Boring an audience is the one true sin in theatre

from Anthony Neilson's March 21, 2007 article in The Guardian

[Our irrelevance has] been boring audiences for decades now, and they've responded by slowly withdrawing their patronage. They're not the ones who broke the contract. They paid their money and expected entertainment; we sent them back into the night feeling bored, bullied and baffled. So what are we doing wrong?

5 comments:

Anonymous said...

Couple observations. One is that we're saturated by stories, usually variations on a handful of premises, told over and over in film, television, novels, and theatre is not immune because it's difficult to tell stories in ways that make them fresh. A famous canard has it that all stories have been told. Maybe. But even a familiar story can be engaging if the characters feel new, and one way to make them feel new is to make them feel real--give them the unpredictabilty of actual, interesting human beings. That doesn't mean you have to identify with them or even like them, but it does mean spending two hours in their company doesn't make you look at your watch.

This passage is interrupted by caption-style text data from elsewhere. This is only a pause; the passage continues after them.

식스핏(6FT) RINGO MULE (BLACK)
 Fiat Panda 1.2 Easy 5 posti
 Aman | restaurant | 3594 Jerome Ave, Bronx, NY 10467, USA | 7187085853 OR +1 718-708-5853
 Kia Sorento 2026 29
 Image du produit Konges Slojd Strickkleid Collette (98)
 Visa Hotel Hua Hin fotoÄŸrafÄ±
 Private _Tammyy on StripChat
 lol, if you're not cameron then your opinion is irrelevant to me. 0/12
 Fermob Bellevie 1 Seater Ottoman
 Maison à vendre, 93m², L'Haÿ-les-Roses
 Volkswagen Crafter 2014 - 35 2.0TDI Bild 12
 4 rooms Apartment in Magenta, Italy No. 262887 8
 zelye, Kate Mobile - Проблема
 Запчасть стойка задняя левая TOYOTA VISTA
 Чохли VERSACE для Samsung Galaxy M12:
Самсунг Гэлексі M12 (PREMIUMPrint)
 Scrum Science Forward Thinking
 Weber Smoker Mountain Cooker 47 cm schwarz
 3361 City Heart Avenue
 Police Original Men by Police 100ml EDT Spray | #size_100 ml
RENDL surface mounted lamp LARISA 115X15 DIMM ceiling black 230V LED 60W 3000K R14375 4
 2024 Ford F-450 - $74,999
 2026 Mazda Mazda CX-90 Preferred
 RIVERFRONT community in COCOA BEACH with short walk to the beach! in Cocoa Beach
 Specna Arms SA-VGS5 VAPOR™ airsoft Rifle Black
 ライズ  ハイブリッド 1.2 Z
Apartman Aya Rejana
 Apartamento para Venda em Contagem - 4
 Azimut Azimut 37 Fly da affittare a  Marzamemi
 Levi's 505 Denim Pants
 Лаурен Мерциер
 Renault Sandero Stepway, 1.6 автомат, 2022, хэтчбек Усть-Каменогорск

Where that gets tricky is that the people I might find interesting might bore the tears out of you, or you might find that sort of person pretentious or irritating or morally reprehensible or be marked by some other character trait that would make you excuse yourself from the conversation, insisting you have to get home to wash the cat. And the people you like might make me itch. Which is why we get into these delightful discussions 40 posts long which end badly.

I think we also have a split in those of us who make theatre between, for lack of a better term, the traditionalists and experimenters. The experimenters tend to think the traditionalists are dull because they're too rigid or frightened to try something new, and the traditionalists tend to think the experimenters are interested in drawing attention to themselves at the expense of the play, the audience, coherence. Both sides are probably right when the execution fails.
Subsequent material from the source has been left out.